Replace wekan.example.com with your actual domain name in the above configuration.

Enable the newly added site.

sudo ln -s /etc/nginx/sites-available/wekan.example.com.conf /etc/nginx/sites-enabled/wekan.example.com.conf

Restart Nginx so that the changes can take effect.

sudo systemctl restart nginx

Enable Nginx to automatically start at boot time.

sudo systemctl enable nginx

Setup Systemd Service

Create a new user for the process to run.

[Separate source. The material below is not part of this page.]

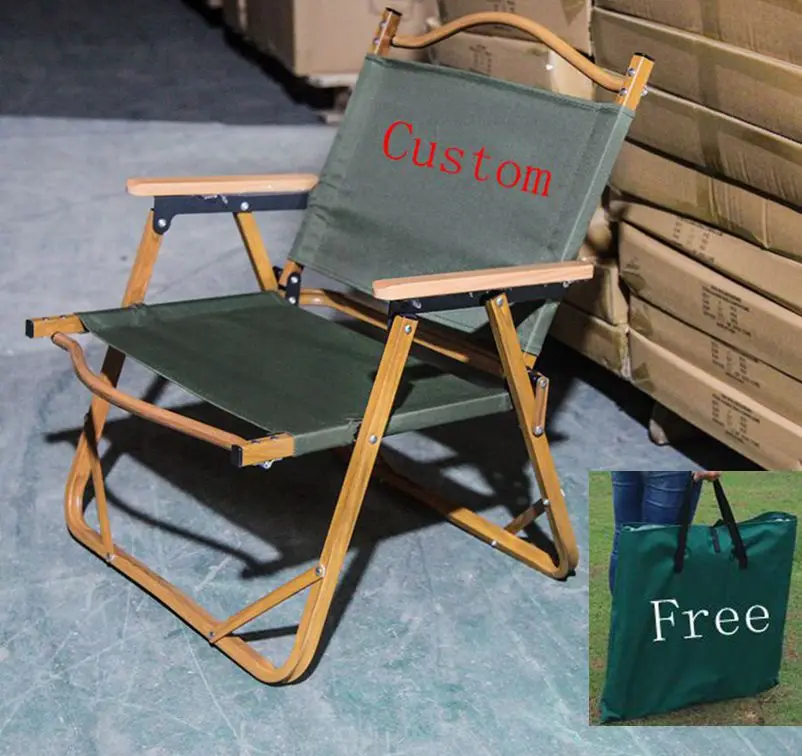 Hot sale wood grain beach chair foldable camping chair wholesale aluminum outdoor camping chair for picnic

sudo adduser wekan --shell /usr/sbin/nologin --home /opt/wekan

Now move all the files to the /opt/wekan directory.

sudo mv ~/wekan/* /opt/wekan/

Provide ownership of the files to the newly created user.

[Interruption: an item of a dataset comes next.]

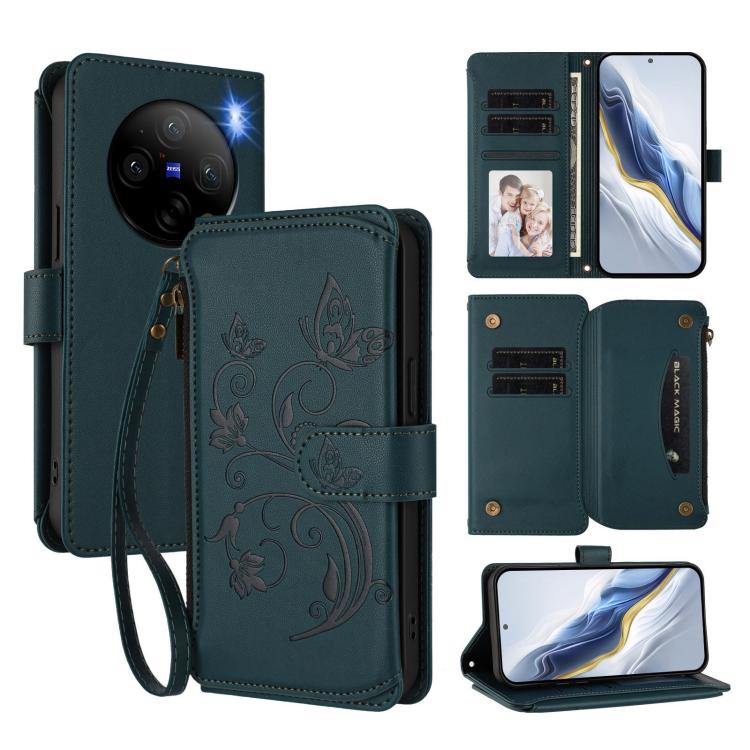 Butterfly Love Flower Multi-card Zipper Wallet Leather Phone Case, For vivo X100 5G, For vivo S17 / S17 Pro 5G / S17t 5G, For vivo Y27 4G 2023 Global / Y35M+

sudo chown -R wekan:wekan /opt/wekan

Wekan does not take data from any configuration file. Instead, it accesses it from environment variables. We will create a new file to store the environment variables. The file containing the environment variables will be passed through the Systemd service.

Create a new file to store environment variables.

 sudo nano /opt/wekan/config.env

Populate the file with the following content.

MONGO_URL='mongodb://wekan:StrongPassword@127.0.0.1:27017/wekan?authSource=wekan'
ROOT_URL='http://wekan.example.com'
MAIL_URL='smtp://user:pass@mail.example.com:25/'
MAIL_FROM='wekan@example.com'
PORT=4000
HTTP_FORWARDED_COUNT=1

Please make sure to replace the username and password.

Provide the ownership to the wekan user by running.

sudo chown -R wekan:wekan /opt/wekan/config.env

Create a new service file for the Wekan systemd service.

sudo nano /etc/systemd/system/wekan.service

Populate the file with the following.

[Unit]
Description=Wekan Server
After=syslog.target
After=network.target

[Service]
Type=simple
Restart=on-failure
StartLimitInterval=86400
StartLimitBurst=5
RestartSec=10
ExecStart=/usr/bin/node /opt/wekan/bundle/main.js
EnvironmentFile=/opt/wekan/config.env
ExecReload=/bin/kill -USR1 $MAINPID
RestartSec=10
User=wekan
Group=wekan
WorkingDirectory=/opt/wekan
StandardOutput=syslog
StandardError=syslog
SyslogIdentifier=Wekan

[Install]
WantedBy=multi-user.target

Save the file and exit from the editor. Now you can easily start Wekan.

sudo systemctl start wekan

To enable Wekan to automatically start at boot time.

sudo systemctl enable wekan

To check the status of Wekan service.

sudo systemctl status wekan

Wrapping Up

You can now access the Wekan instance on https://wekan.example.com. Start by creating a new account. Once you have created the account, you can enable administrative access to the newly created user. Login to the MongoDB shell as the administrative user.

mongo -u wekan -p --authenticationDatabase "wekan"

Now select the wekan database and update the object to promote the user to the admin user.

use wekan
db.users.update({username:'admin_user'},{$set:{isAdmin:true}})

Please make sure to replace admin_user with the actual username of the user you created. From the admin interface, you will be able to disable self-registration and update SMTP settings.

Congratulations, you have successfully installed the Wekan Kanban board on your Vultr Ubuntu instance.